Bogus Universal Credit claims push fraud and error overpayments in benefits system to record levels

·3-min read

Fraud and error overpayments in the benefits system reached record levels last year, fuelled by bogus Universal Credit claims.

The Department for Work and Pensions (DWP) estimates it overpaid £5.5bn of Universal Credit in 2020-21, with checks relaxed to ensure a record number of new claims could be processed and paid.

The department said the COVID-19 pandemic and subsequent relaxation of these checks were the main drivers of the increase in overpayments, with the DWP estimating these factors accounted for £3.8bn in overpayments.

The number of people claiming Universal Credit doubled amid the pandemic, rising from three million to six million.

According to the National Audit Office (NAO), many new claimants had more complex claims, such as self-employed income, which are more vulnerable to fraud.

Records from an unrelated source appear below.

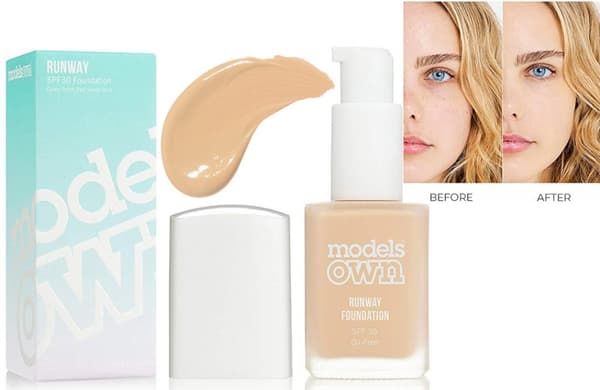 Models Own Runway Oilfree SPF30 Matte Foundation-04 Buff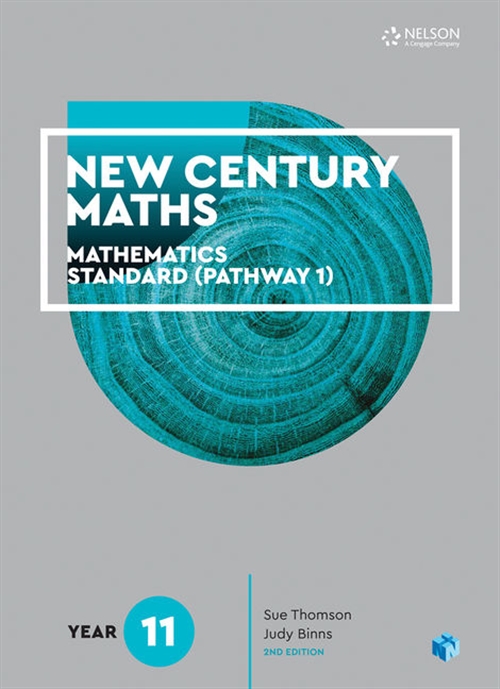 Picture of  New Century Maths 11 Mathematics Standard (Pathway 1) Student Book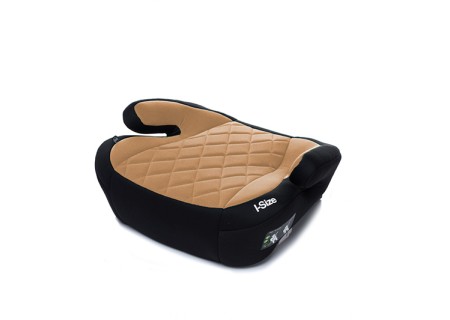 4 BABY Fotelik HI-FIX 125-150cm MOKKA I-SIZE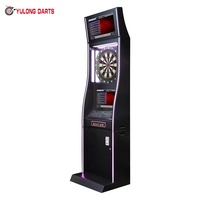 Máquina de juego de dardos de punta blanda electrónica profesional Red de puntuación automática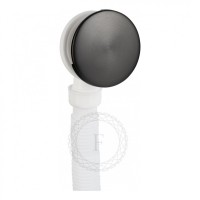 Сифон для ванны автоматический FILARETE FL90, графит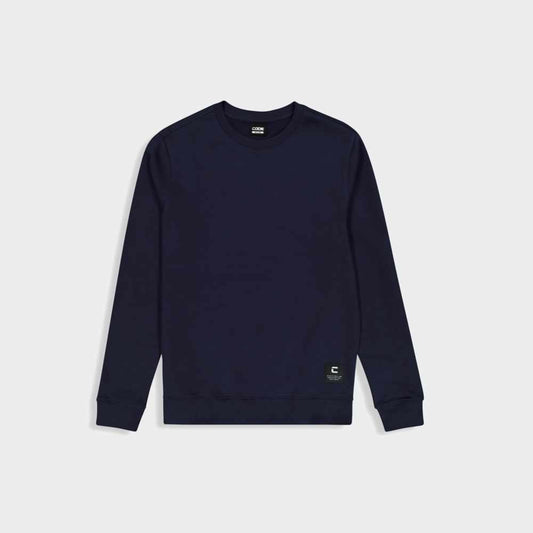 Code Mens Basic Crew Top Navy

Several organised criminal attacks were also seen during the pandemic, with fraudsters targeting Universal Credit in particular and submitting claims in other people's names.

Overall, the DWP estimates it overpaid £8.3bn (7.5%) out of £114bn of benefits excluding the state pension in 2020/21.

This is an increase of £3.8bn since 2019/20.

According to the NAO, Whitehall's spending watchdog, this is the highest rate since records began in 2005.

"I am concerned that the level of fraud and error in the benefits system continues to increase year on year, now reaching its highest level since records began," Gareth Davies, the head of the NAO, said.

"This has a real impact on public funds and on those who face deductions to their income due to overpayments.

"I recognise that the pandemic and the resulting surge in the number of claimants has increased DWP's exposure to fraud and error.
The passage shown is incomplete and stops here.